(DATA FOR THE TASK Opens)

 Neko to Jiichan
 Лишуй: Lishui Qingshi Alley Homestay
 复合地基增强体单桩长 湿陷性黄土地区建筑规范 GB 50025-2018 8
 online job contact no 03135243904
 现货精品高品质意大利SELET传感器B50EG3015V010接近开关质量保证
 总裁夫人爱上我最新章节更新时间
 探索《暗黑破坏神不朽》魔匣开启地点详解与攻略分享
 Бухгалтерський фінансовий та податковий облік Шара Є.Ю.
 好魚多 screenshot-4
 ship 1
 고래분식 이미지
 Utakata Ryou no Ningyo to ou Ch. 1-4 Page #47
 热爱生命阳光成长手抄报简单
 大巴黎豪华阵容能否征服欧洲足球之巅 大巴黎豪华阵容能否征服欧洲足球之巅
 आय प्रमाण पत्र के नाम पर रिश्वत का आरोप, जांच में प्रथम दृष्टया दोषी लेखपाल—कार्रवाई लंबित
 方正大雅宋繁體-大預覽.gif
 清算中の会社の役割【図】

(DATA FOR THE TASK Closes)

* _ASSIGNMENT_
Set down the material above again, word for word.

* _ANSWER BOX_
 Neko to Jiichan
 Лишуй: Lishui Qingshi Alley Homestay
 复合地基增强体单桩长 湿陷性黄土地区建筑规范 GB 50025-2018 8
 online job contact no 03135243904
 现货精品高品质意大利SELET传感器B50EG3015V010接近开关质量保证
 总裁夫人爱上我最新章节更新时间
 探索《暗黑破坏神不朽》魔匣开启地点详解与攻略分享
 Бухгалтерський фінансовий та податковий облік Шара Є.Ю.
 好魚多 screenshot-4
 ship 1
 고래분식 이미지
 Utakata Ryou no Ningyo to ou Ch. 1-4 Page #47
 热爱生命阳光成长手抄报简单
 大巴黎豪华阵容能否征服欧洲足球之巅 大巴黎豪华阵容能否征服欧洲足球之巅
 आय प्रमाण पत्र के नाम पर रिश्वत का आरोप, जांच में प्रथम दृष्टया दोषी लेखपाल—कार्रवाई लंबित
 方正大雅宋繁體-大預覽.gif
 清算中の会社の役割【図】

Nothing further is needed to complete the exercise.